Charge art-history majors more for their degrees than biology students? Yes, according to the new draft proposal of Gov. Rick Scott’s Florida Blue Ribbon Task Force on State Higher Education Reform. The panel proposes to keep tuition flat for degrees in “strategic areas of emphasis,” which include science, technology, engineering, and math (STEM) fields; health professions; “high demand” education fields; and (oddly) globalization; while raising it in all other areas.

This has a certain logic to it: Why waste taxpayer dollars subsidizing students who study “useless” subjects in college, like philosophy or history? Why not encourage them to go into practical fields, like science and engineering? But this proposal is misguided on multiple levels.

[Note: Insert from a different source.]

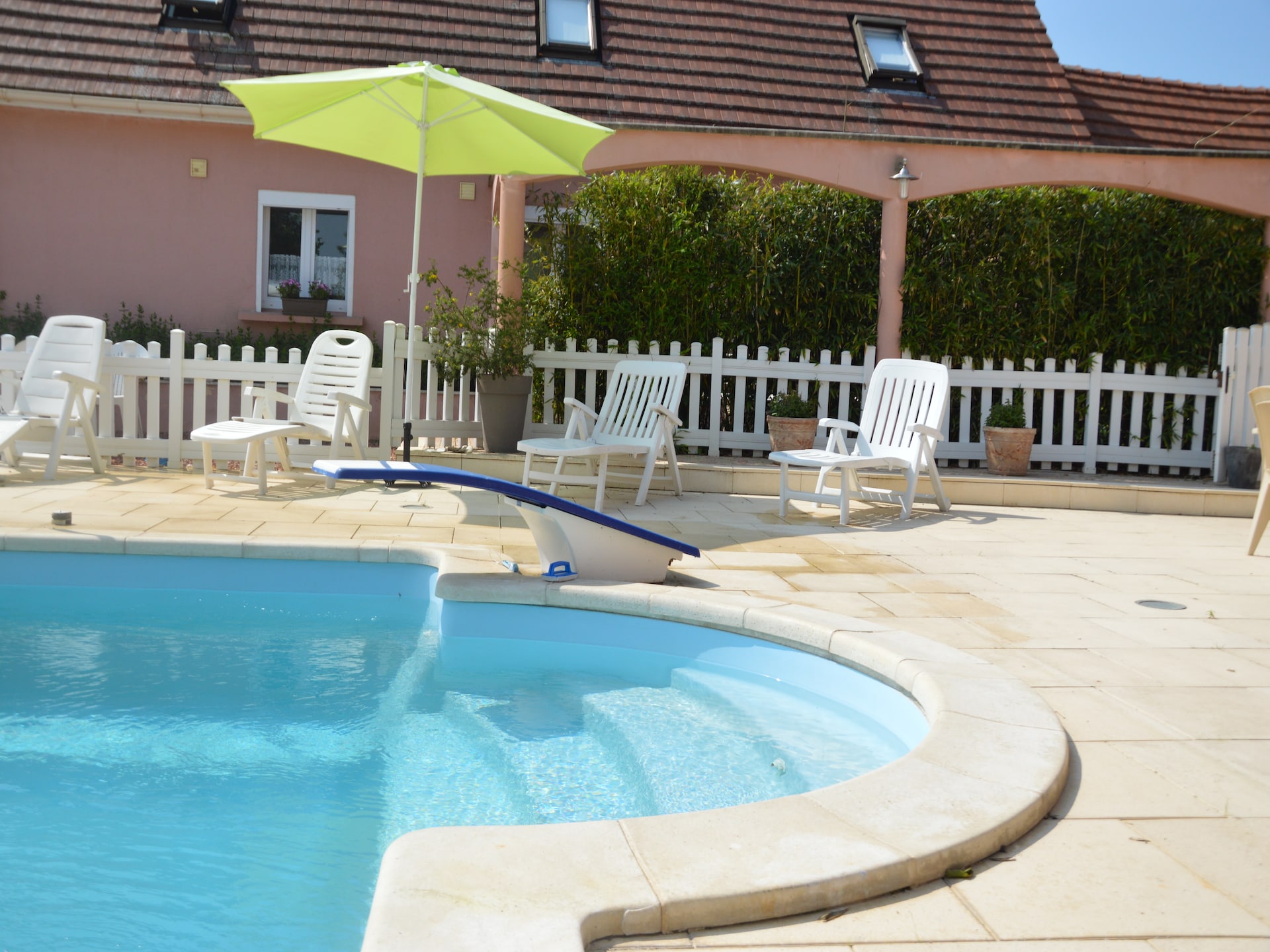 5-persoons vakantiehuis met privézwembad in Folleville - foto 15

First, the folks pushing STEM degrees clearly haven’t talked to a lot of biology majors. Or chemists. Sure, everyone knows the petroleum engineers are raking it in. But even after Ph.D.’s, many STEM folks are stuck in postdoc hell, and midcareer, the median salary of a biology major is more than $13,000 a year less than her counterpart in political science. Heck, she even comes in almost $4,000 behind the much-maligned film major. Besides, if this is about encouraging students to go into—and I quote—“high-skill, high-demand, high-wage degrees (market determined),” why give the subsidy to STEM? Why not give it to finance majors ($23,500 above the poor biologists) or economists (almost $34,000 above)?

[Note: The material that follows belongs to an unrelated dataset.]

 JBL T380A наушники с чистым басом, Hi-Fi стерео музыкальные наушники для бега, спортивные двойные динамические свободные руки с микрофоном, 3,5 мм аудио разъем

Second, there’s no reason to think this would help Florida economically. If the state wants to align higher education with the needs of business, it should take a look at surveys of employers, who indicate, year after year, that what they most want from college grads is “the ability to effectively communicate” and “critical thinking and analytical reasoning skills”—classic hallmarks of a liberal arts education. And studies like Academically Adrift show that it’s the humanities and social sciences, as well as the natural sciences, that lead to measurable improvements in critical thinking.